**Exercise requirements**
In this exercise, print only the lines of the records below from the one with "Your Guide to Ruffwear Harnesses" through the one with "Guillimot engrasado después", inclusive. Pictures are not part of the copy.

**The data**
· · · ·

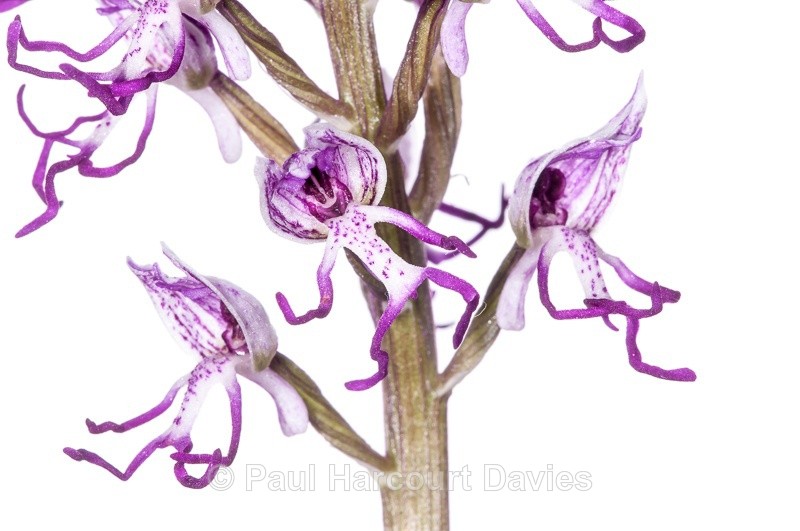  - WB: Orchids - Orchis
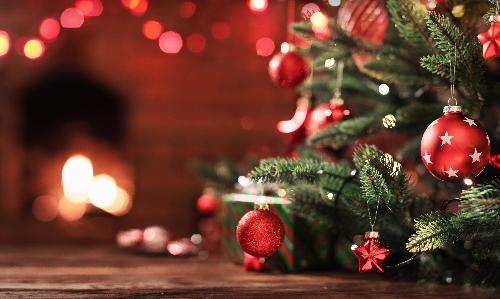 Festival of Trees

· · · ·

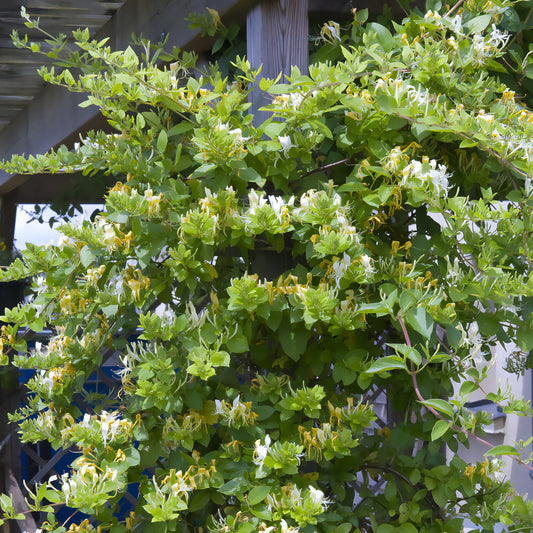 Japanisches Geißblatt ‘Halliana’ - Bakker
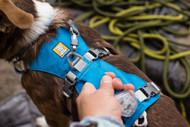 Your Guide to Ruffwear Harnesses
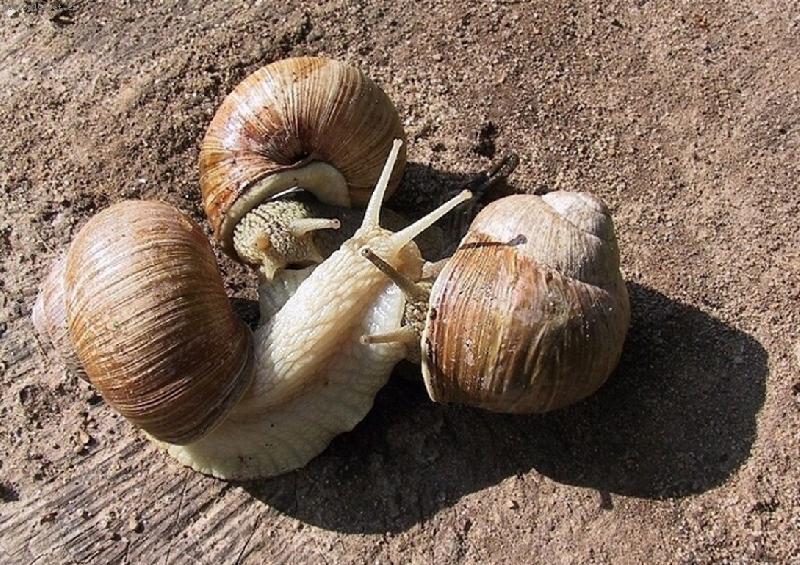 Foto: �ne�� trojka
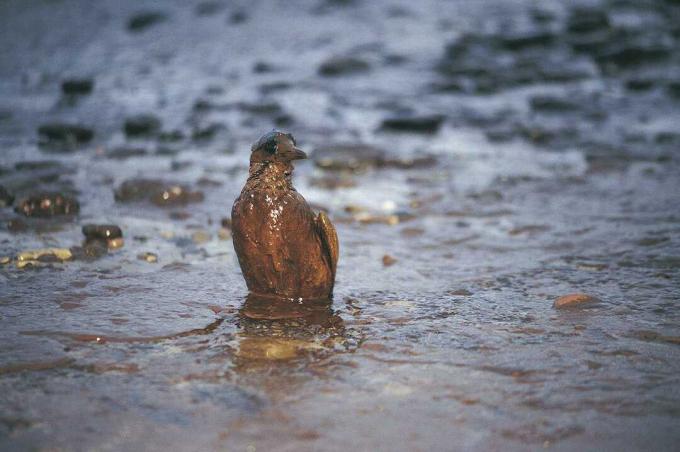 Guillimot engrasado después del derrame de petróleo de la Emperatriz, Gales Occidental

· · · ·

**Task answer**
 Your Guide to Ruffwear Harnesses
 Foto: �ne�� trojka
 Guillimot engrasado después del derrame de petróleo de la Emperatriz, Gales Occidental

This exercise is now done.